I'm new to see and just experimenting some function of it. I came across calloc() function.
I wonder why the whole variable printed, is not same as each of the indexes . shouldn't the variable value be 0?
#include "stdio.h"
#include "stdlib.h"
int main()
{
int *array;
array = calloc(100,sizeof(int));
printf("%d\n",array);
for(int i = 0 ; i<sizeof(array);i++)
{
printf("%d\n", array[i]);
}
free(array);
}
and the output is
-1300734400
0
0
0
0
0
0
0
0
I expected that the value printed in the printf("%d\n",array); would be zero
printf("%d\n",array); This is wrong, you are printing the address of the array, not the contents. In case you mean to actually print the address, you should use %p and also cast the pointer to (void*).
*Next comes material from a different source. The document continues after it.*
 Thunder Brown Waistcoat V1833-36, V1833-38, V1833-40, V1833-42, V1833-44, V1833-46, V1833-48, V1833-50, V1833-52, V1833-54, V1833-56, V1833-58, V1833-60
i<sizeof(array) This is wrong.
For a normal array, sizeof gives the size in bytes but array[i] assumes int item number i, not a byte. To get the number of items of an array, you must do sizeof(array)/sizeof(*array).
However you don't actually have an array here but a pointer to the first element. So you can't use sizeof at all or you will get the size of the pointer! Typically 2 to 8 bytes depending on system.
#include "stdio.h" When including standard library headers, you should use <stdio.h>. The " " syntax is for user-defined headers.